*Material supplied*.
• • • • •

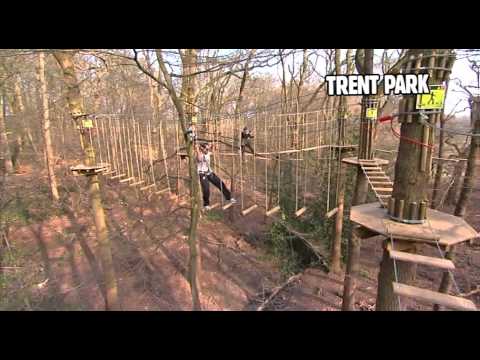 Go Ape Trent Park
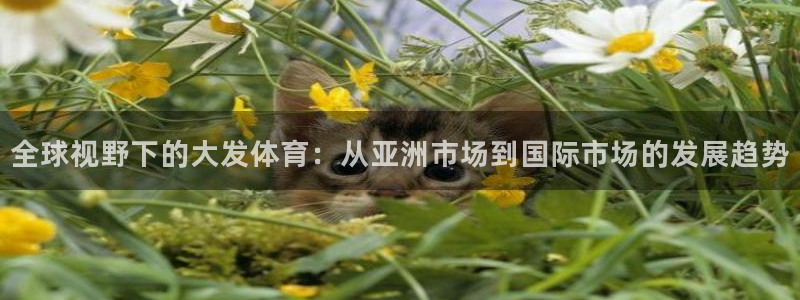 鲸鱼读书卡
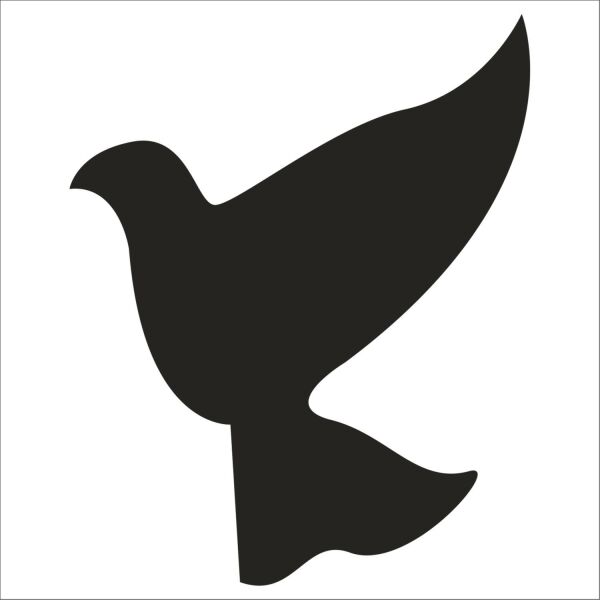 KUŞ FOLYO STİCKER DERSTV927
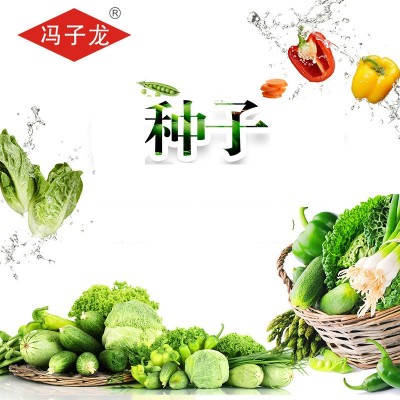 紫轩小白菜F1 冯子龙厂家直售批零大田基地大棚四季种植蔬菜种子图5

• • • • •

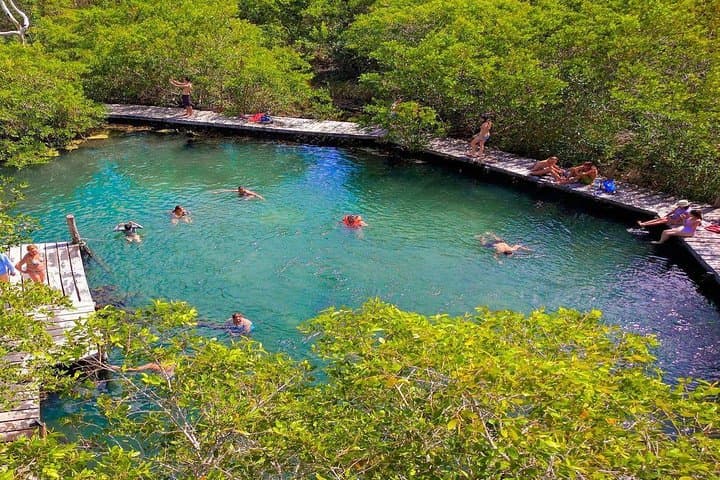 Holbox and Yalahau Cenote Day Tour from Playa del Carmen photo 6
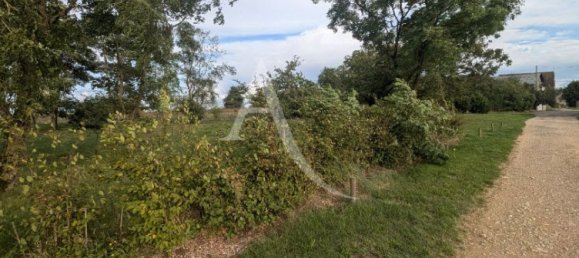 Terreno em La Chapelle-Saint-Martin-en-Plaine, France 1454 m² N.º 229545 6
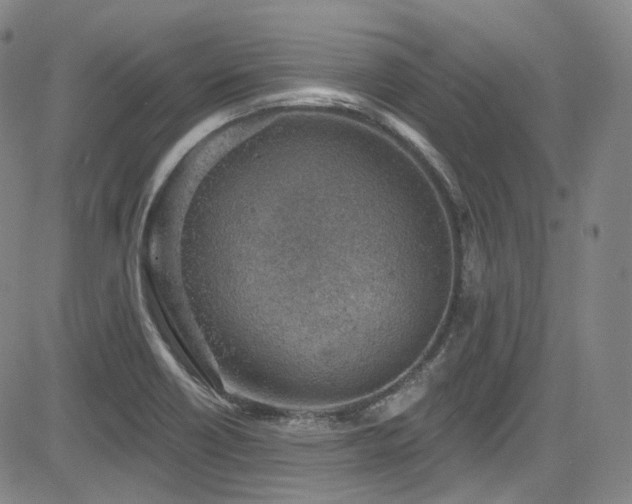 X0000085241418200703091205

• • • • •

*About this task*.
Above are some records. Reproduce the lines from the one with "Holbox and Yalahau" down to the one with "X0000085241418200703091205", keeping both, and leave every picture out.

*Written solution*.
 Holbox and Yalahau Cenote Day Tour from Playa del Carmen photo 6
 Terreno em La Chapelle-Saint-Martin-en-Plaine, France 1454 m² N.º 229545 6
 X0000085241418200703091205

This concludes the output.